[GIVEN ENTRIES Boundary: Start]
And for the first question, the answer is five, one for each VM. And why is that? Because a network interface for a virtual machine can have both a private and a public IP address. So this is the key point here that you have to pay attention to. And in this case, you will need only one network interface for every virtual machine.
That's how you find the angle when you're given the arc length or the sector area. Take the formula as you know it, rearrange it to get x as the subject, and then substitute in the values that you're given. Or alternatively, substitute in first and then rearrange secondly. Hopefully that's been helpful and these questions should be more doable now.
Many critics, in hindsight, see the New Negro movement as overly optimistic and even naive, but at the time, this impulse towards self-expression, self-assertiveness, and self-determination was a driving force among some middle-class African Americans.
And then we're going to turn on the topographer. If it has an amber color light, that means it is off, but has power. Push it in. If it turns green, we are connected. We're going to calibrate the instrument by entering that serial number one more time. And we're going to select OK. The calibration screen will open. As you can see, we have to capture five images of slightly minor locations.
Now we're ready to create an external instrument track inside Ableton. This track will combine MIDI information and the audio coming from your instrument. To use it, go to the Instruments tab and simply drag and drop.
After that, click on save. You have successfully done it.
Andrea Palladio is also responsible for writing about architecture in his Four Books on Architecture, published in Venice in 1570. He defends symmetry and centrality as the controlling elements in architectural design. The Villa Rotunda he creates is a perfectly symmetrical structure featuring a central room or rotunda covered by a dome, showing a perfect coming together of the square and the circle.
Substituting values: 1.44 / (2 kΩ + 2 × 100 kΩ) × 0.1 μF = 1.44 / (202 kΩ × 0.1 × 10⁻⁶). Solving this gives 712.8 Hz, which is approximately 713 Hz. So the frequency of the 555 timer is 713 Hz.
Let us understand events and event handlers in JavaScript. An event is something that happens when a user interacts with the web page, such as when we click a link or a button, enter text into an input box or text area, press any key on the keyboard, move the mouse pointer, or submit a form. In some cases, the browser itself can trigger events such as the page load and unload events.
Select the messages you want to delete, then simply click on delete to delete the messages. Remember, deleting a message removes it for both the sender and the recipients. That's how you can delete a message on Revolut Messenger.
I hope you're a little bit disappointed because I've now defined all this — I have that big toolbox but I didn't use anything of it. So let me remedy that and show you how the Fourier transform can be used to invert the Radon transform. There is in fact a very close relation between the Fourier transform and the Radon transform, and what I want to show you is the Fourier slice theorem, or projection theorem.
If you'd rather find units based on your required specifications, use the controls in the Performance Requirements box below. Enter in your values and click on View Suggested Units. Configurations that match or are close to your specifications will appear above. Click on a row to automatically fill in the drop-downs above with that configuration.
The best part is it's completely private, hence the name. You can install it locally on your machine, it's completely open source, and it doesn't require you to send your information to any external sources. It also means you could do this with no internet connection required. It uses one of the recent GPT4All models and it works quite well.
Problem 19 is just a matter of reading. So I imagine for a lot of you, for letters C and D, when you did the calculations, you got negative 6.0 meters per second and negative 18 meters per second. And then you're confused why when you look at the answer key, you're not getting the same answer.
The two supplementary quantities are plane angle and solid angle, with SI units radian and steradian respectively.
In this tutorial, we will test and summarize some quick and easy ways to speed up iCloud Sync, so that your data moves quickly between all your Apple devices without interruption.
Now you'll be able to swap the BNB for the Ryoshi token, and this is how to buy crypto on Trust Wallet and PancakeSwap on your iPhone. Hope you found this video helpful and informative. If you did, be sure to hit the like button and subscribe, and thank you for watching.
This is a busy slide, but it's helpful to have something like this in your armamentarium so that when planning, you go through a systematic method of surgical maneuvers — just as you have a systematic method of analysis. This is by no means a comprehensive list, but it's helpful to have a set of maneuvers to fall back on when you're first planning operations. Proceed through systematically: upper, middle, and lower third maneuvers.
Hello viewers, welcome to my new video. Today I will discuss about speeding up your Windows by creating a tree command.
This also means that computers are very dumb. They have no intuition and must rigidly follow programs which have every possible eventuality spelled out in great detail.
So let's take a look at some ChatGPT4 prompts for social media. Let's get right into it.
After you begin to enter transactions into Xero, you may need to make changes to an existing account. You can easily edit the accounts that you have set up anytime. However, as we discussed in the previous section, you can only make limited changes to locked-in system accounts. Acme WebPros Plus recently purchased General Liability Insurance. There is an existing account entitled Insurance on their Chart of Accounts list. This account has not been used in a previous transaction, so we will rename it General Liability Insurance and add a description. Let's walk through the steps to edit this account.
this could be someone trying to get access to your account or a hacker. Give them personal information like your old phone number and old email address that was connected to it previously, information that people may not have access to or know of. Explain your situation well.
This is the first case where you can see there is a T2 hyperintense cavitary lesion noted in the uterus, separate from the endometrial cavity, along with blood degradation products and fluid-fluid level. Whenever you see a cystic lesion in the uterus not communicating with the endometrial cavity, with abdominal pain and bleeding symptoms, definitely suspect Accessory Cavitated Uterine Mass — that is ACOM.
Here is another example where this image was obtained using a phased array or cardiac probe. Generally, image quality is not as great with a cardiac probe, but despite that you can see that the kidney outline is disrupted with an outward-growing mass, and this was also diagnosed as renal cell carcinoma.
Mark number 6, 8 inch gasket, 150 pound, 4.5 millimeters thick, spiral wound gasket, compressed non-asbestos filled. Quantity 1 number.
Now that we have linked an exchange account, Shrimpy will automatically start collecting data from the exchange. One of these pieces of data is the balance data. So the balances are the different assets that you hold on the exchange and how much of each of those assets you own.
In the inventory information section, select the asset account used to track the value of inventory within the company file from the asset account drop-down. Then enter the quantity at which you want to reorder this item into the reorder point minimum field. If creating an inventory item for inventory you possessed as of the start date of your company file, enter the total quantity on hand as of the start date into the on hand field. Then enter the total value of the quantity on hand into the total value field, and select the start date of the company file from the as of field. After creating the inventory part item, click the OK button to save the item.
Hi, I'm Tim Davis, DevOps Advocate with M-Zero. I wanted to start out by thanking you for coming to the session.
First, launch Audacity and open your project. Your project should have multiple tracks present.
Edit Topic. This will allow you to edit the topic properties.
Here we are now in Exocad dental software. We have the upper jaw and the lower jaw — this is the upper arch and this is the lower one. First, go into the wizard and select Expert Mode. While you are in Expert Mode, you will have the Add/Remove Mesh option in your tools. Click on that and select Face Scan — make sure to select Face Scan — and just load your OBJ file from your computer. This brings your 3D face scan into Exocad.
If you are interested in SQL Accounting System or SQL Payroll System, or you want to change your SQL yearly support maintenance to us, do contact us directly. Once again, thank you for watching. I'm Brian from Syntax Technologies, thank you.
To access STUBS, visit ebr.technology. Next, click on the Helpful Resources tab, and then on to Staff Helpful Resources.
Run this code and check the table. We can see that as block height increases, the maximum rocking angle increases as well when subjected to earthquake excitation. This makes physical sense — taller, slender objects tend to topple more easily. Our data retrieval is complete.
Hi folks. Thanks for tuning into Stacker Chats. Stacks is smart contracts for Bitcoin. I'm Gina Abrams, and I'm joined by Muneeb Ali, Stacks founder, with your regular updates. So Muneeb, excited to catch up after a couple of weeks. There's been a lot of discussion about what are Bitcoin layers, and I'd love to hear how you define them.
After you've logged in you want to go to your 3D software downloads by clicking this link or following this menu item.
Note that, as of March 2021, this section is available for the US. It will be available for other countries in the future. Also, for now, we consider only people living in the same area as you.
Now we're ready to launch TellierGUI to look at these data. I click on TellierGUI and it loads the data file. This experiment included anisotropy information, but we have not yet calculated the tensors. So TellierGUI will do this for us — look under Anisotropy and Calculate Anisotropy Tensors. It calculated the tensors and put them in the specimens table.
[GIVEN ENTRIES Boundary: End]
**EXERCISE DETAILS**:
Copy all lines from the data that hold the word "information".

**SOLVED PROBLEM**:
Now we're ready to create an external instrument track inside Ableton. This track will combine MIDI information and the audio coming from your instrument. To use it, go to the Instruments tab and simply drag and drop.
The best part is it's completely private, hence the name. You can install it locally on your machine, it's completely open source, and it doesn't require you to send your information to any external sources. It also means you could do this with no internet connection required. It uses one of the recent GPT4All models and it works quite well.
this could be someone trying to get access to your account or a hacker. Give them personal information like your old phone number and old email address that was connected to it previously, information that people may not have access to or know of. Explain your situation well.
In the inventory information section, select the asset account used to track the value of inventory within the company file from the asset account drop-down. Then enter the quantity at which you want to reorder this item into the reorder point minimum field. If creating an inventory item for inventory you possessed as of the start date of your company file, enter the total quantity on hand as of the start date into the on hand field. Then enter the total value of the quantity on hand into the total value field, and select the start date of the company file from the as of field. After creating the inventory part item, click the OK button to save the item.
Now we're ready to launch TellierGUI to look at these data. I click on TellierGUI and it loads the data file. This experiment included anisotropy information, but we have not yet calculated the tensors. So TellierGUI will do this for us — look under Anisotropy and Calculate Anisotropy Tensors. It calculated the tensors and put them in the specimens table.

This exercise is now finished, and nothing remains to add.